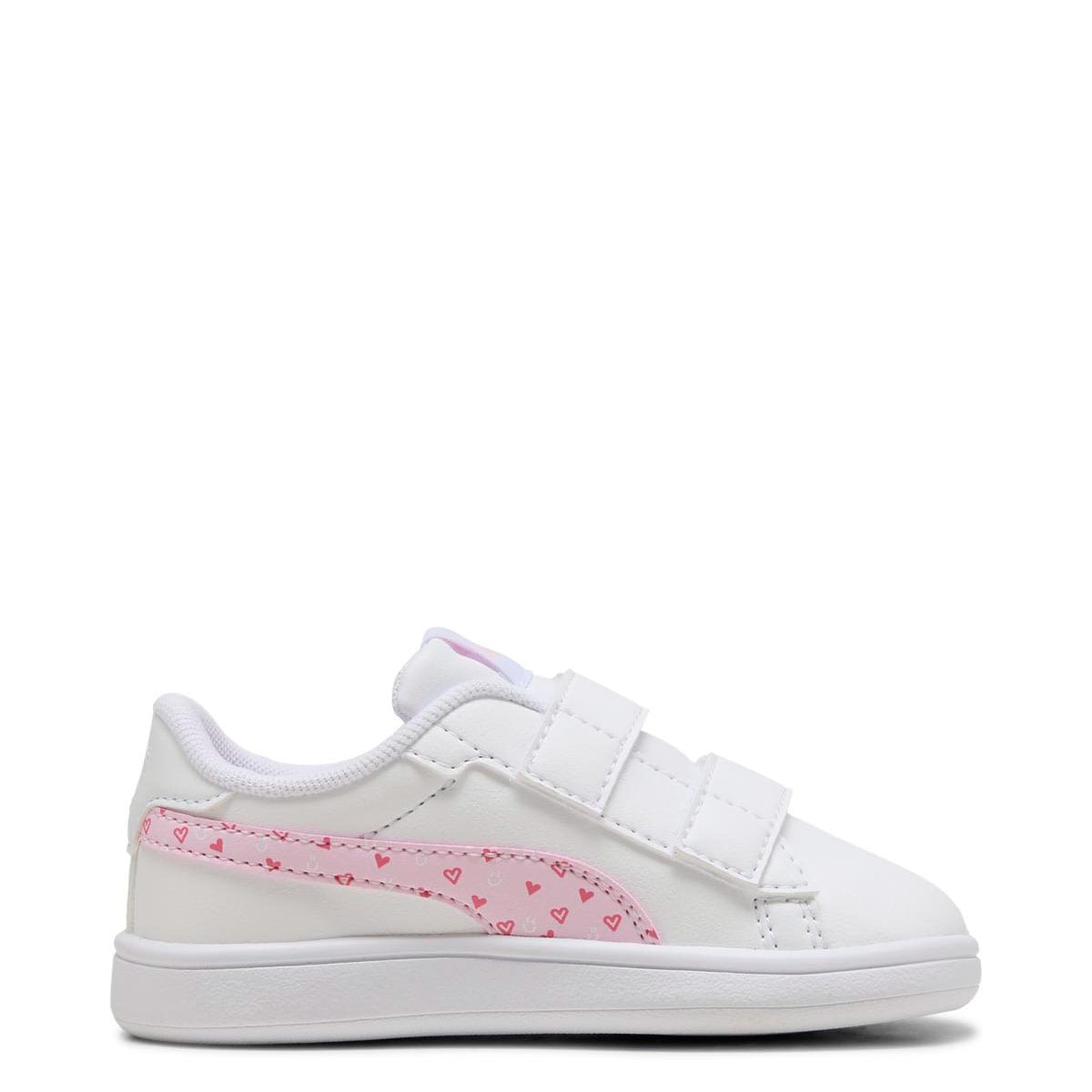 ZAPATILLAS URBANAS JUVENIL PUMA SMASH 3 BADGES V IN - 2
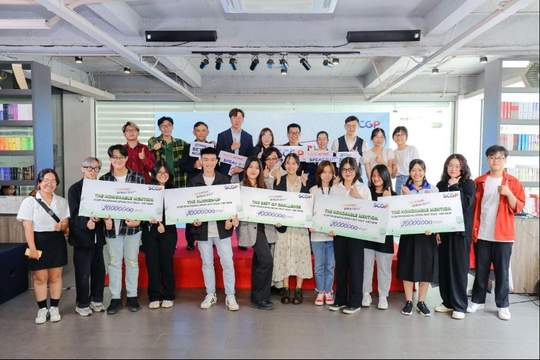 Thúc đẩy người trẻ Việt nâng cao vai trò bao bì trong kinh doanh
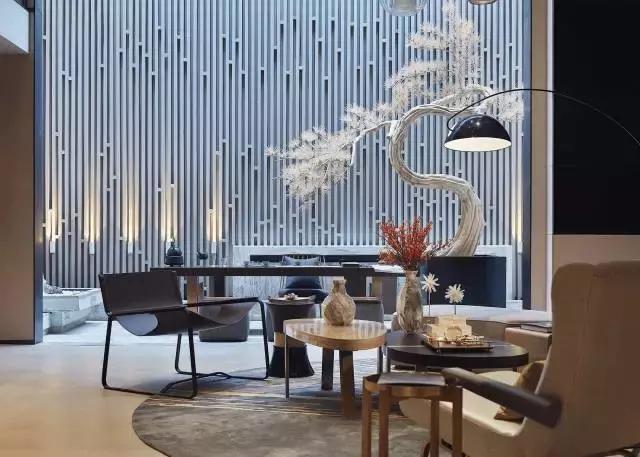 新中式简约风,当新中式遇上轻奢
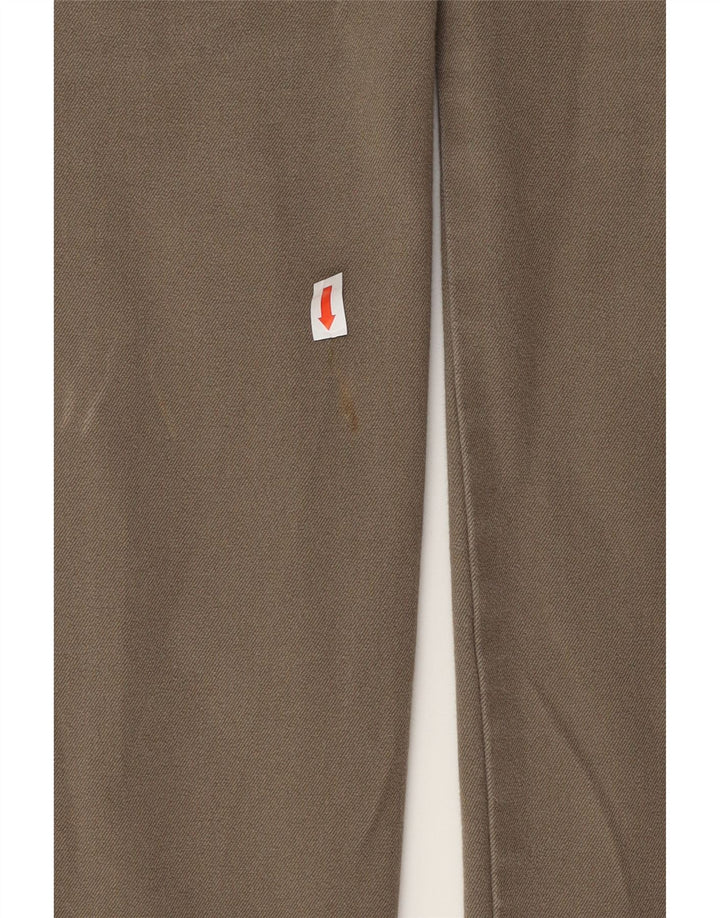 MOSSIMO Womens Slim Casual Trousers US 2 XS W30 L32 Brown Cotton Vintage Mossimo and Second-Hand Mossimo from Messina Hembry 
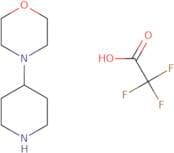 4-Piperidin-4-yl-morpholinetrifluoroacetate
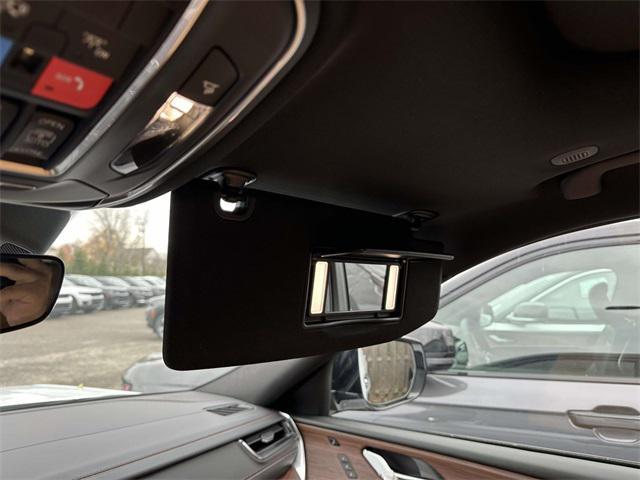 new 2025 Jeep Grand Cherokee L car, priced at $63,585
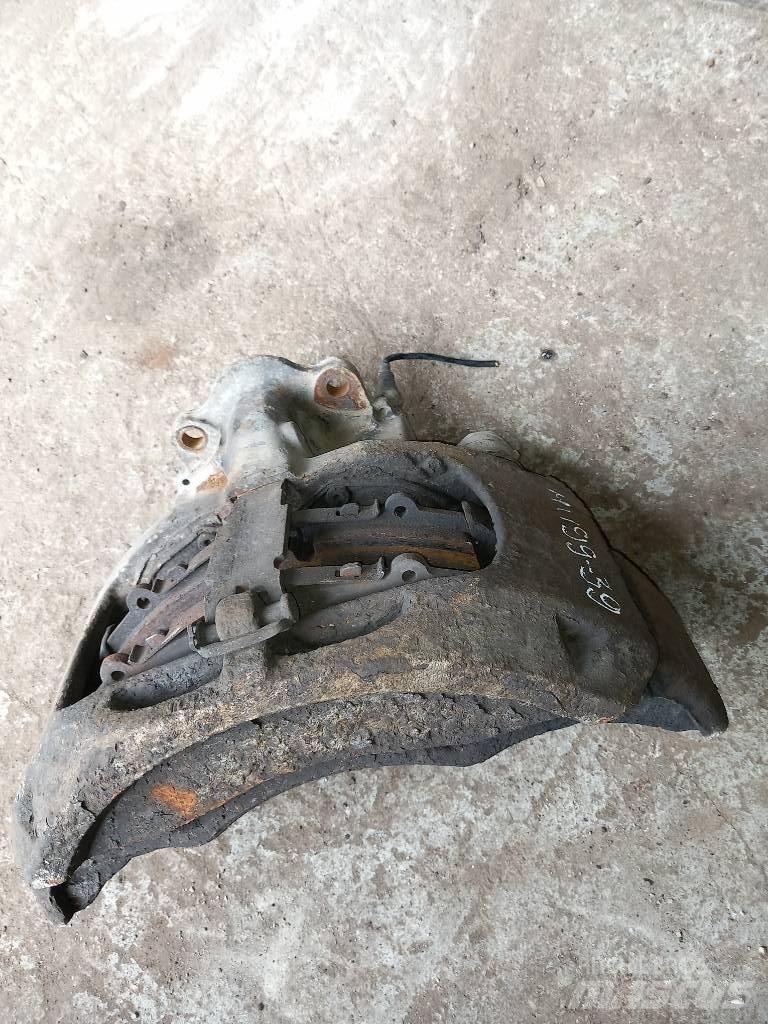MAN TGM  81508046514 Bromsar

ABOUT THIS EXERCISE ::
Exactly restate the lines from the one holding "4-Piperidin-4-yl-morpholinetrifluoroacetate" to the final line of the records above, including both and excluding pictures.

COMPLETED EXERCISE ::
 4-Piperidin-4-yl-morpholinetrifluoroacetate
 new 2025 Jeep Grand Cherokee L car, priced at $63,585
MAN TGM  81508046514 Bromsar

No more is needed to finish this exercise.